Meer dan 6,5 miljoen beoordelingen en recensies Organiseer de boeken die je wilt lezen of gelezen hebt Het laatste boekennieuws Word gratis lid
×
Lezersrecensie

Een licht en een verwondering die je niet begrijpt. Ondergedompeld in de melancholieke melodie van een getroebleerd kunstenaarsbrein

Nico van der Sijde 13 september 2019
Al tijden lang ben ik heel nieuwsgierig naar Jon Fosse, een zeer geroemde schrijver die echter ook als heel veeleisend bekend staat. Welnu, na "Melancholie I" ben ik een Fossse- fan die nog veel meer Fosse wil lezen.

Lang niet iedereen zal houden van dit boek: pagina's lang word je ondergedompeld in het zeer getroebleerde, mogelijk psychotische en schizofrene brein van de geniale maar miskende schilder Lars Hertervig (die ook echt heeft geleefd, van 1830-1902). Fosse schotelt ons een innerlijke monoloog voor waarin paniek en vertwijfeling hoogtij vieren, waarin ratio en reflectie ontbreken, en waarin waan en hallucinatie de waarneming doordesemen. De zinnen van Fosse zijn repetitieve woordenstromen, vol obsessieve herhalingen, en binnen die herhalingen vaak heel subtiele betekenisverschuivingen, of juist tegenspraken. Zinnen dus die Hertervigs enorme innerlijke twijfel onderstrepen: de uitspraak "ik kan schilderen" wordt maniakaal herhaald en verandert steeds van inhoud, en gaat steeds vaker vergezeld van de uitroep "ik kan niet schilderen" of "ik mag niet schilderen". Ik vind Fosses stijl schitterend. Ten eerste omdat Fosse mij niet als van buitenaf laat kijken naar een getroebleerd kunstenaarsbrein maar mij er juist rechtstreeks in onderdompelt. Maar ook omdat zijn stijl voor mij bijna hypnotiserend werkt, en mij door zijn herhalingen en subtiele verschuivingen net zo meesleept als de 'minimal music' van Philip Glass. Of als het werk van Beckett, met wie Fosse wel wordt vergeleken. Zelf vond ik dit boek lang niet zo veeleisend als zijn reputatie: ik moest wennen aan deze stijl en de getroebleerde melodie ervan, maar toen ik mij eraan had overgegeven las het boek als een trein. Alleen, ik kan mij voorstellen dat veel lezers zich niet aan deze stijl kunnen of willen overgeven, en voor hen is dit boek volkomen onleesbaar.
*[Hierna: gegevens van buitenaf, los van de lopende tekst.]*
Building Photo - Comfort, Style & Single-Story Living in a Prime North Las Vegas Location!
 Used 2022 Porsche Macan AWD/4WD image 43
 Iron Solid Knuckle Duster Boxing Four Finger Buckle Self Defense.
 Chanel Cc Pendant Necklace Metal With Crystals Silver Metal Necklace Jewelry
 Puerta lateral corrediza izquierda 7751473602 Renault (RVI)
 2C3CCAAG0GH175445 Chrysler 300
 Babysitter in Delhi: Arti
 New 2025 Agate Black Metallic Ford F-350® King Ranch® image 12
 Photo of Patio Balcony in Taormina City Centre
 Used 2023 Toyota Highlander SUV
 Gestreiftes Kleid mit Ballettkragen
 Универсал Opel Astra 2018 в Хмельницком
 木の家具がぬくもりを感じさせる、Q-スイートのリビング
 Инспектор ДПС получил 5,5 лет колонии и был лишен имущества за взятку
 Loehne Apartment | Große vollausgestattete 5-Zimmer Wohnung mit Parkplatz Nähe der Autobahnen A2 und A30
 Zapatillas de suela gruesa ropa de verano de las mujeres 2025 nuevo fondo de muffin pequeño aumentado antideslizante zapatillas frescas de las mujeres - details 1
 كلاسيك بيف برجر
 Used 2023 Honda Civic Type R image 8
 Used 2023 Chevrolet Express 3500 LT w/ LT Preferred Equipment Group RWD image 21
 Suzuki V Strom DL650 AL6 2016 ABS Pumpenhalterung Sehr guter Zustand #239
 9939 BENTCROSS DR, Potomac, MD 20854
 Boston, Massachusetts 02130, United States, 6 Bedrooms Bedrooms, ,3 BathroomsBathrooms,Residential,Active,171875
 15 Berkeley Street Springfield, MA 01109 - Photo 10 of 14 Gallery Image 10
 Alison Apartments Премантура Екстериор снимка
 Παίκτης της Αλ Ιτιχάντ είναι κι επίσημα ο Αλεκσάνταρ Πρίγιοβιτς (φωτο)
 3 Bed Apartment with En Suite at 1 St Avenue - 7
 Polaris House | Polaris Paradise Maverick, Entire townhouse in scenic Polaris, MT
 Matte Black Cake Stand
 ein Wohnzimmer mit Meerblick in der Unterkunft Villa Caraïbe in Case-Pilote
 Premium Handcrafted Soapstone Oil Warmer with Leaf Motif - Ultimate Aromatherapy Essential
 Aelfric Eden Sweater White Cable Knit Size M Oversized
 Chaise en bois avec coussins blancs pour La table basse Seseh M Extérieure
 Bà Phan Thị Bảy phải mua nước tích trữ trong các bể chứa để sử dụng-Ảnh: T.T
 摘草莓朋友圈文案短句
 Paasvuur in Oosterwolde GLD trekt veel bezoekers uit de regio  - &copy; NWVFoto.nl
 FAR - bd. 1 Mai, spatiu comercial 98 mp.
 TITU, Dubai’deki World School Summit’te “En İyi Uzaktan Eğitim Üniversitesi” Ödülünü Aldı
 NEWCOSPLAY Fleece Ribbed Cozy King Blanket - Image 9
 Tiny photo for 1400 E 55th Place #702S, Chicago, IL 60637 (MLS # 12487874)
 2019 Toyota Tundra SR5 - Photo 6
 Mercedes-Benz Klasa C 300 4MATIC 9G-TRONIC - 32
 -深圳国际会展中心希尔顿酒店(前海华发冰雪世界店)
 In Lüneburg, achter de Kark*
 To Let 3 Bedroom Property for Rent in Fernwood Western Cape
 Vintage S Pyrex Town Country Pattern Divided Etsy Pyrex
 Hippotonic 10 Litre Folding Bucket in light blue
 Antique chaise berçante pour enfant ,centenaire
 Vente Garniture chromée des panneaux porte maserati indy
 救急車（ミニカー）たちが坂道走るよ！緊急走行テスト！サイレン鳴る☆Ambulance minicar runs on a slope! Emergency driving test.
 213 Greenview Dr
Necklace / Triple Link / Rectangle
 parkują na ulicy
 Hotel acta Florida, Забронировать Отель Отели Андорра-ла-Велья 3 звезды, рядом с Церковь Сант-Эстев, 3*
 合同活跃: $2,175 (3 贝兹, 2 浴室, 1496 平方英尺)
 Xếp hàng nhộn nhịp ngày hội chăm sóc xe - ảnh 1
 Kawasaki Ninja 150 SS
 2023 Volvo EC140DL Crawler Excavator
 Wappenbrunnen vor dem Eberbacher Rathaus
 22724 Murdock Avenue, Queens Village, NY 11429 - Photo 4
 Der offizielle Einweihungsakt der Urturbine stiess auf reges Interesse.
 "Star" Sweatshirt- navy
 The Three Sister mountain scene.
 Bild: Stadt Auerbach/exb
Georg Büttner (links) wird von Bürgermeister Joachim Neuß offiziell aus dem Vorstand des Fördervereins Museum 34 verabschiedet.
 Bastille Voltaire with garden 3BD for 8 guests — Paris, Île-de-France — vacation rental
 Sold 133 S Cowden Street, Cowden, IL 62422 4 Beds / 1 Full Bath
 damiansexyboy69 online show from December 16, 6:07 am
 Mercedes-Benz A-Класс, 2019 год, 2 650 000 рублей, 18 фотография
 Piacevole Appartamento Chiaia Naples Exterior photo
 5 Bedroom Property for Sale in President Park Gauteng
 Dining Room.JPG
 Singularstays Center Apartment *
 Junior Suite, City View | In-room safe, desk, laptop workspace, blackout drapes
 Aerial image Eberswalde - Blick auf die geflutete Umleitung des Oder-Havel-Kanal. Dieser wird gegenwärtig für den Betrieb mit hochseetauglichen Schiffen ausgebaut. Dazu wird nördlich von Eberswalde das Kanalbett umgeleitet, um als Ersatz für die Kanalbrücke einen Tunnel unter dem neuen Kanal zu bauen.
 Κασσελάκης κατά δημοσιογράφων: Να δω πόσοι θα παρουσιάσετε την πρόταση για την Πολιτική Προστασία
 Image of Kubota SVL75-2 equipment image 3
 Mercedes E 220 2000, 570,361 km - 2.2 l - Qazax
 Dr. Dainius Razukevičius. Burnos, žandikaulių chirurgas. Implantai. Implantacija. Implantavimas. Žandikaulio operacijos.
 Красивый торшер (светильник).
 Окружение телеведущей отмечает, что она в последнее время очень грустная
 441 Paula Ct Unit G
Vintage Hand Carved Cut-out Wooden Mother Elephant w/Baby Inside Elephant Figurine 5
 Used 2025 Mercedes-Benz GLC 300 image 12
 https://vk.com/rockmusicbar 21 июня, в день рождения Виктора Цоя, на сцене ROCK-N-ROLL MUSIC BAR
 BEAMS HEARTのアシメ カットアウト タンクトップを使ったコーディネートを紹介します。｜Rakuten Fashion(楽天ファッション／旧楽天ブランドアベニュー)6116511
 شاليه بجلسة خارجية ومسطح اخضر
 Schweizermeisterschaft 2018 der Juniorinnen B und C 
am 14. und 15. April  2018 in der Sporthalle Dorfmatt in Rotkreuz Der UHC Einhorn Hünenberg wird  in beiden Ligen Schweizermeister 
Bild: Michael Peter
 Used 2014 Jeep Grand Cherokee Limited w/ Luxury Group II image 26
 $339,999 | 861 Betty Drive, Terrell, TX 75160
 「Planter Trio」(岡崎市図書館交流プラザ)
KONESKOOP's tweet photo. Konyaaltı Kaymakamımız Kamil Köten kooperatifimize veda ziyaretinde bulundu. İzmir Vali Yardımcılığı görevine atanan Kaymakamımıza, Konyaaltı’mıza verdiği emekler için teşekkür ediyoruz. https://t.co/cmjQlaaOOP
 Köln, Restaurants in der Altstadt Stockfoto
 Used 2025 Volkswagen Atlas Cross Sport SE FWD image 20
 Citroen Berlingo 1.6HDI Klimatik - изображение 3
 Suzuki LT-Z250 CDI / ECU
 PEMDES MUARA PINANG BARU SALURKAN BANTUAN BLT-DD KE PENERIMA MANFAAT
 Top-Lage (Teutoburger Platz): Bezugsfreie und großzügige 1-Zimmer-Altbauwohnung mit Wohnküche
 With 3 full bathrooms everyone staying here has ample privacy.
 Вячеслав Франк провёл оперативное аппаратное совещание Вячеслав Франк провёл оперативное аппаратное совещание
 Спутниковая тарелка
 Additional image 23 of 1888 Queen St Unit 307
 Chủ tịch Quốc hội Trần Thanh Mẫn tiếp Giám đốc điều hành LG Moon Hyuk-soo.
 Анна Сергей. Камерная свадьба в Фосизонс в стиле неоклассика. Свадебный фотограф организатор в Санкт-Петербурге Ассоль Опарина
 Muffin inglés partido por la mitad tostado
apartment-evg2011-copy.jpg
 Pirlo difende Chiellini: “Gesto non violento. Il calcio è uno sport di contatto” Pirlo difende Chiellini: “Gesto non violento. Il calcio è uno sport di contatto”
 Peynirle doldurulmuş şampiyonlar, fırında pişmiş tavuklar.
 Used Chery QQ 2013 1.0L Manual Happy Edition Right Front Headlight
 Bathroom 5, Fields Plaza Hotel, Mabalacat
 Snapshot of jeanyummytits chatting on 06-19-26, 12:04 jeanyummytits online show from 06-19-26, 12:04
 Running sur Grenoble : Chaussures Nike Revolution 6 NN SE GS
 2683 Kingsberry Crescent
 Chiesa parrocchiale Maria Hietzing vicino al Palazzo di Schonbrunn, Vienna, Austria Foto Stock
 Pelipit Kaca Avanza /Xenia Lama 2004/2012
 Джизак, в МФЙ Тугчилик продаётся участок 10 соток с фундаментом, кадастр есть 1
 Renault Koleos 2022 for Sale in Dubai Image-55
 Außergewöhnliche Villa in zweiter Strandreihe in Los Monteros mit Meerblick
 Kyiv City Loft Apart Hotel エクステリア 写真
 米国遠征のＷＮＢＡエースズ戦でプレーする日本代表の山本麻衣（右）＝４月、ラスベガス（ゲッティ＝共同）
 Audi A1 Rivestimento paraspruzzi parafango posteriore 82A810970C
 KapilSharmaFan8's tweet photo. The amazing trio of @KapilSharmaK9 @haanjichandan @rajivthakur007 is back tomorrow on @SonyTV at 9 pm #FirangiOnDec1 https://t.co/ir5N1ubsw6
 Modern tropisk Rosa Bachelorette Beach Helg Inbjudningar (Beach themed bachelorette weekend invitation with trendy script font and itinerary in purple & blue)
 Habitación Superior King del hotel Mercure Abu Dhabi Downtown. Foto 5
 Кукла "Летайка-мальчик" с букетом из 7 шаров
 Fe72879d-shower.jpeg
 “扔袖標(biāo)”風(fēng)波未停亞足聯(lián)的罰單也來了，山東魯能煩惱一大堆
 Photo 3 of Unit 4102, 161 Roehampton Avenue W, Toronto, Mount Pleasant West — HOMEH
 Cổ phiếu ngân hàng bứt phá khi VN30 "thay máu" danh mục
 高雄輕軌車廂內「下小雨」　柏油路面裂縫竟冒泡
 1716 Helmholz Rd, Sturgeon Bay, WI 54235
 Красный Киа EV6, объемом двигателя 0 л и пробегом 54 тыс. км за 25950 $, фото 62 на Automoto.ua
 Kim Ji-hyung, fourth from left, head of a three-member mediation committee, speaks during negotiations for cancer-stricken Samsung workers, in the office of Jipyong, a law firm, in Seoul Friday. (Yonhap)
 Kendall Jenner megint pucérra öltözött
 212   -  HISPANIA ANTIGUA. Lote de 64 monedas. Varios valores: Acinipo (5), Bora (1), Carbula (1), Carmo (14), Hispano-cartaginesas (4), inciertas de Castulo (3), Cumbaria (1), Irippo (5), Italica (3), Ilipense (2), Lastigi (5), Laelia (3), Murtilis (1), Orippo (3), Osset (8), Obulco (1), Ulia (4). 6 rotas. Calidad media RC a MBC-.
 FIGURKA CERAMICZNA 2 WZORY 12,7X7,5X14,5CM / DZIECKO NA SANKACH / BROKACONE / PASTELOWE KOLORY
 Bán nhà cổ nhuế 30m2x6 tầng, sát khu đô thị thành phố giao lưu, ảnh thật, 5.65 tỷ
Met citaten valt dit niet optimaal toe te lichten, want Fosse bereikt zijn effect niet alleen door zijn reeksen van repetitieve zinnen maar ook doordat die zinnen later weer herhaald of juist van betekenis veranderd worden door andere reeksen van repetitieve zinnen. Maar toch een voorbeeld, om althans een provisorische indruk te geven. Situatie: Lars Hertervig, bladzijden lang verlamd van twijfel op zijn bed liggend en in zijn hoofd malend over wat zijn leermeester Hans Gude zal vinden van een van zijn schilderijen, wordt op zijn gehuurde kamer bezocht door Helene, de 15-jarige dochter van zijn hospita, op wie hij hulpeloos en intens verliefd is. Hun dialoog gaat in korte, heel spaarzame zinnen waarin alles alleen tussen de regels door wordt gezegd, maar die dialoog wordt overwoekerd door de eindeloos voort stromende innerlijke monoloog van Lars. In die monoloog zegt Lars bovendien van alles tegen Helene, terwijl hij in werkelijkheid veel daarvan niet tegen haar uitspreekt. Bovendien neemt Lars' toch al niet geringe paniek en twijfel nog toe zodra hij van Helene hoort dat hij zal moeten verhuizen, omdat Helenes moeder en vooral haar oom vinden dat hij weg moet. Hij wordt kortom op straat gezet, en zal Helene nooit meer mogen zien: precies dat komt Helene hem aarzelend vertellen. Hertervigs toch al wankelende wereld stort uiteraard verder in. Mede daardoor misschien slaan dan wanen en hallucinaties toe: "En ik kijk je aan en ik zie je witte jurk tot iets wits worden, tot iets wits wat zich beweegt en jouw jurk wordt en dan beweegt dat witte zich naar mij toe, het wit komt steeds dichterbij en dan, plotseling, is er iets zwarts in al dat witte en dan zie ik een wit en zwart kledingstuk voor me en het kledingstuk komt op me af, beweegt zich dan plotseling van me af. En dan splitst het zich. En de kleren bewegen zich naar me toe, dan weer van me af. De kleren zijn wit, zwart. De kleren bewegen zich naar me toe, dan weer van me af. De kleren bewegen, bewegen zich en komen op me af. Nee, niet doen, zeg ik". En, even later: "En de kleren proberen zich in mijn mond te persen. Ik breng mijn hand naar mijn mond, probeer de kleren eruit te trekken, want ik moet de kleren toch uit mijn mond trekken! de kleren mogen me niet verstikken! ik moet de kleren uit mijn mond trekken, dat moet! en ik breng mijn hand naar mijn mond, trek hard, maar de kleren verdwijnen."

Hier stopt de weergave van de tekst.